Cette année pour la deuxième édition, la section internationale de la Biennale investit des bâtiments plus institutionnels : La Tate Liverpool, le centre culturel Bluecoats et une école abandonnée. Plusieurs pièces sont installées dans des lieux publics : gare, monuments, places. La biennale de Liverpool ne se limite pas à la section internationale, il existe trois autres manifestations qui proposent un regard sur la production artistique actuelle au Royaume Uni.

John Moores 22 jusqu’au 8 décembre

Le prix John Moores 22 est un concours artistique exclusivement consacré à la peinture, une exposition dans les nouvelles salles du magnifique musée (il fait partie de l’Acropole culturelle qui date des temps glorieux de la ville) qui s’appelle maintenant Walker – national gallery of the North présente une trentaine d’artistes parmi les 5’000 candidatures reçues.

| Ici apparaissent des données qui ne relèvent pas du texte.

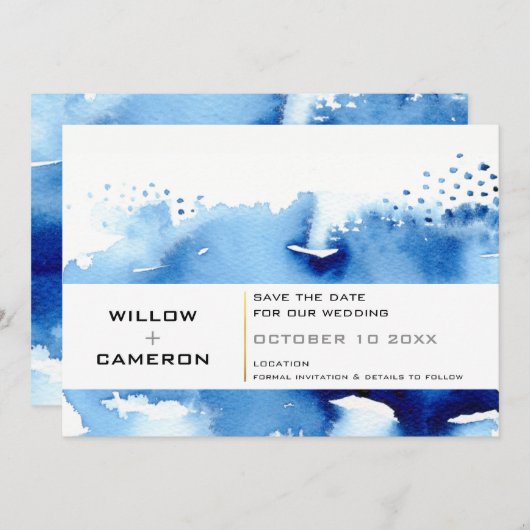 日付の水の色モダンを濃いミニマル青色で保存 セーブザデート (正面/裏面)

Bloomberg newcontemporaries 2002 jusqu’au 27 octobre

Bloomberg newcontemporaries 2002 présente 35 artistes récemment sortis d’une école d’art du Royaume-Uni sélectionnés parmi 1’200 candidats.

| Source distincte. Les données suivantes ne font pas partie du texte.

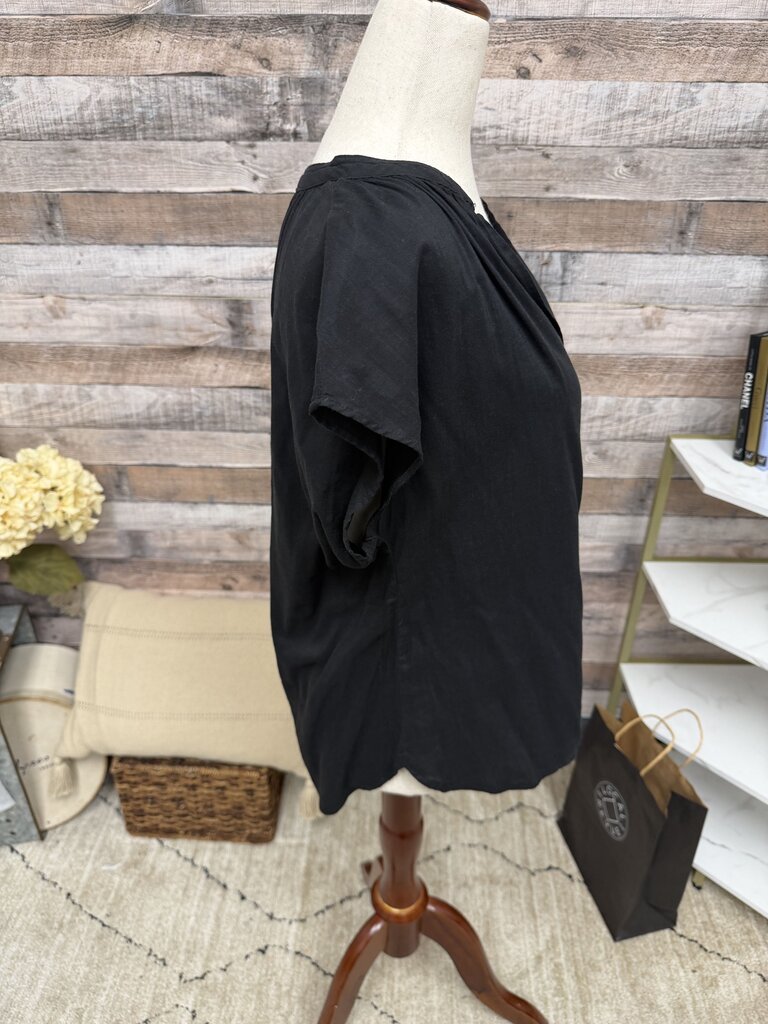 H&M Black Short Sleeve V Neck Cap Sleeve Shirt H&M Black Small women TOPS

The Independent jusqu’au 8 décembre

Enfin la quatrième manifestation, la plus importante par le nombre d’espaces investis, s’intitule The Independent. On semble avoir procédé à un inventaire systématique des espaces disponibles et proches de la ruine dans la ville, une vingtaine ont été retenus comme lieux d’exposition. Cela va d’une section importante et inoccupée du marché couvert à une église abandonnée en passant par d’innombrables dépôts, mais aussi quelques jolies maisons. A chaque fois un ou plusieurs curateurs ont réuni des artistes autour d’un thème, d’une problématique précise.

International 2002

La section principale de la biennale de Liverpool est vraiment internationale puisqu’elle ne comprend aucun britannique. 28 artistes ont été sélectionnés (une douzaine sont nord-américains, 3 japonais, les autres viennent du continent européen, d’Amérique du sud, etc.). La plupart ont réalisé des oeuvres commandées pour cette manifestation. Ils s’expriment dans de vastes espaces, soit par la vidéo, soit par de grandes installations. Les travaux choisis sont moins radicaux que ne le laisse entendre l’introduction du catalogue. On trouve des réalisations sur les constructions imaginaires, le paysage, les artefacts, des réflexions sur la publicité et l’image au quotidien. Jason Rhoades propose the Liver Pool, une piscine gonflable en forme de foie qui affirme évoquer la fabrique familiale de PeaRoeFoam. Dominique Gonzalez-Foerster recrée la vision du monde d’une petite fille (son site). Christine Hill développe un travail présenté à la Documenta X, The Volksboutique Accounting Archive. Francesco Vezzoli recrée des drames cinématographiques en opposant sur deux écrans des scènes dramatiques. 3 films de Clare Langan plongent le spectateur dans des paysages imaginaires flamboyants, alors que Mark Lewis nous invite à contempler un lac canadien. Olaf Breuning crée une installation nocturne et funèbre et Robert Wogan entraîne le visiteur dans un labyrinthe. Chloe Piene associe de grands dessins anatomiques avec une vidéo qui montre des danseurs très violents.

Avec ces quatre sections la Biennale déploie un véritable foisonnement artistique, une occupation systématique du terrain diront certains, dans cette ville qui devient un lieu d’attraction incontournable pour toutes les personnes actives dans le domaine culturel à l’intérieur du Royaume-Uni.